Последние годы перед смертью он мучился сознанием того, что его стихов якобы никто не помнит, что он предан забвению. Переживания были напрасны. Его лучшие стихи помнили и помнят тысячи людей, многие из них стали песнями (например, «Лошади в океане»). Уже после смерти поэта в его архивах были найдены сотни неизвестных ранее стихотворений, ныне опубликованных благодаря эпохе гласности и самоотверженным усилиям их собирателя, критика Юрия Болдырева, также безвременно ушедшего из жизни. Стихи Слуцкого, получившие сейчас второе рождение, переведены и переводятся на языки многих народов мира.
А я с благодарностью вспоминаю те недолгие часы, когда я с робостью слушал его короткие отрывистые фразы и мог считать его своим ментором.
23 февраля 1990 года умер поэт Давид Самойлов, скончавшийся в один день с Борисом Слуцким, пережив его на четыре года. С уходом Самойлова кончилась эпоха послевоенной поэзии, наиболее яркими представителями которой были Самойлов и Слуцкий, всю жизнь бывшие друзьями-соперниками, на десятилетия пережившие своих институтских однокашников по ИФЛИ — Когана, Кульчицкого и других, сложивших головы на полях сражений.
Теперь и этих деревьев не стало.
Самойлов умер неожиданно и легко — «смертью праведника». Когда-то он писал: «Надо готовиться к смерти так, как готовятся к жизни». Но все случилось вдруг, в Таллинне, на юбилейном пастернаковском вечере, который он же и организовал. На вечере Самойлов был в приподнятом настроении и, сидя за сценой в артистической, шутил со своим старинным другом актером Зиновием Гердтом. Открывая вечер, он говорил о духовном наследии Пастернака, о том, что только теперь мы начинаем его понимать и осваивать. Говорил прекрасно, может быть, более патетично, чем обычно. Чувствовал ли он, что это последняя речь в его жизни? Ему много хлопали. Вручили, как это водится в Прибалтике, цветы. Обычно он никогда не знал, что делать с цветами, — держал их как веник вниз головой, старался избавиться поскорее. На этот же раз он, взяв цветы, довольно изящно поклонился залу и пошел за сцену своей легкой танцующей походкой. Там он потом и сидел в артистической, разделенной зеркалами, оживленный, улыбающийся, довольный своим выступлением.

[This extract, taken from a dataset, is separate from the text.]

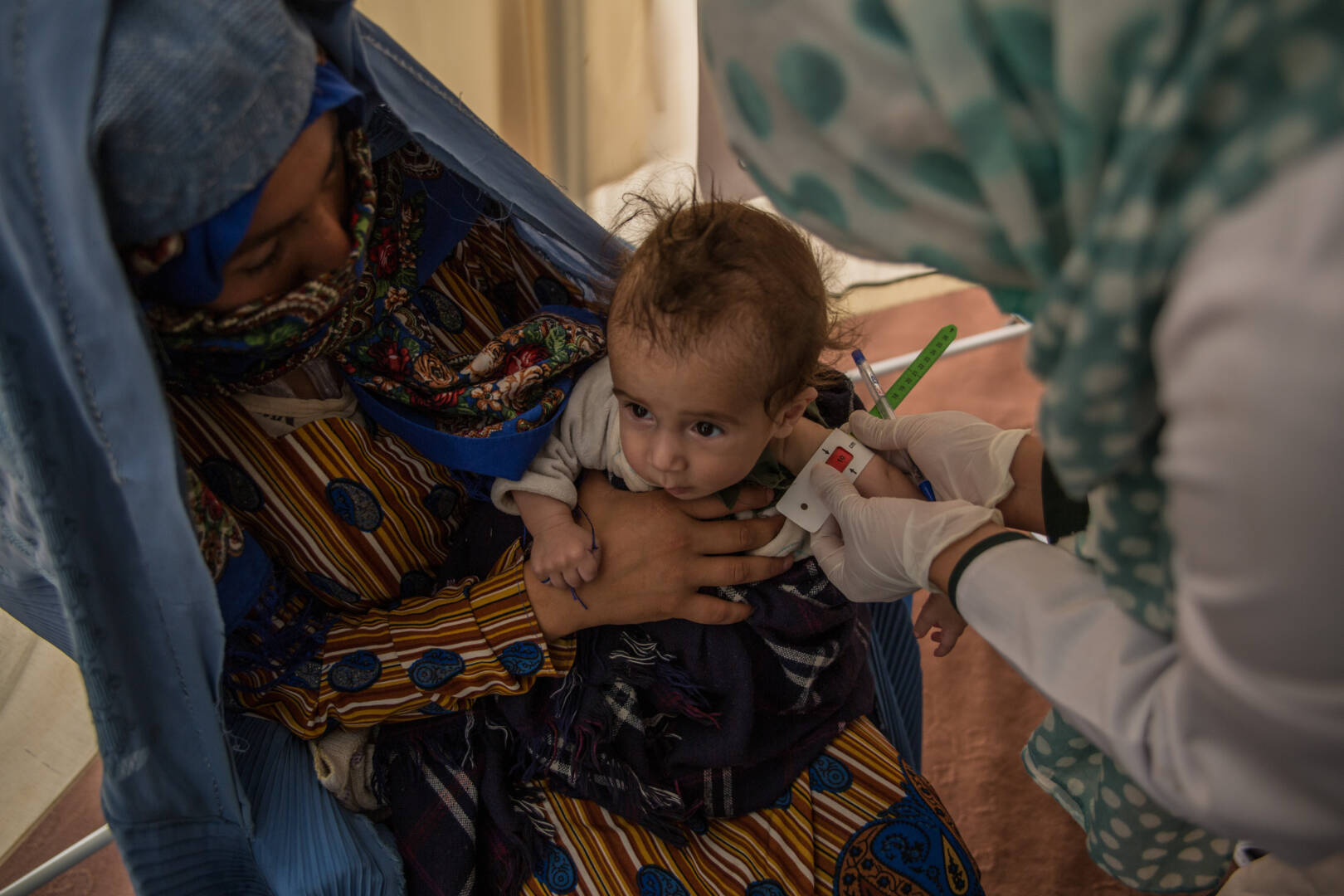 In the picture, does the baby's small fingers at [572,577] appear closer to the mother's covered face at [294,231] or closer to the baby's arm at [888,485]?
the baby's arm at [888,485]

Вышедший вслед за ним Зиновий Гердт читал стихи Пастернака. Во время чтения он вдруг услышал за сценой негромкий глухой стук и какой-то шум. Через несколько секунд на сцене появился один из организаторов вечера и попросил врача-реаниматора, находившегося в зале, срочно подняться на сцену. Жена Самойлова — Галина Ивановна, тотчас почувствовав неладное, бросилась в артистическую вслед за реаниматором. Когда они вбежали, Самойлов лежал на полу без сознания и без пульса. Врач сразу же начал делать массаж сердца. Через несколько минут Самойлов очнулся, открыл глаза и сказал окружающим: «Ребята, не волнуйтесь, все в порядке». Это были его последние слова. Потом он снова потерял сознание, на этот раз навсегда. Приехала вызванная «скорая». Делали какие-то уколы. Несколько врачей, сменяя друг друга, усиленно продолжали массаж сердца. Но все оказалось бесполезным.

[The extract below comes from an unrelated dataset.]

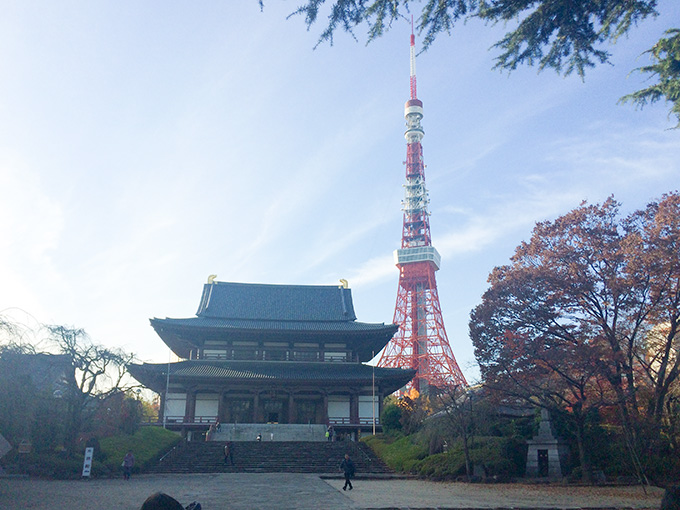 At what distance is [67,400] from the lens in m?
23.0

В последние годы Давид Самойлов тяжело болел: гипертония, сердце. Незадолго до развязки, в Ленинграде, куда он ездил выступать, у него приключился тяжелый сердечный приступ. Перенесенная им в свое время неудачная операция по поводу катаракты на глазах сделала его полуслепым. «С постепенной утратой зрения все мне видится обобщенней». И все-таки его смерть была как гром среди ясного неба. Он был из семьи долгожителей. Его мать Цецилия Израилевна прожила около девяноста лет. И сам он до последнего времени оставался бодрым, энергичным, не признающим нытья и жалоб.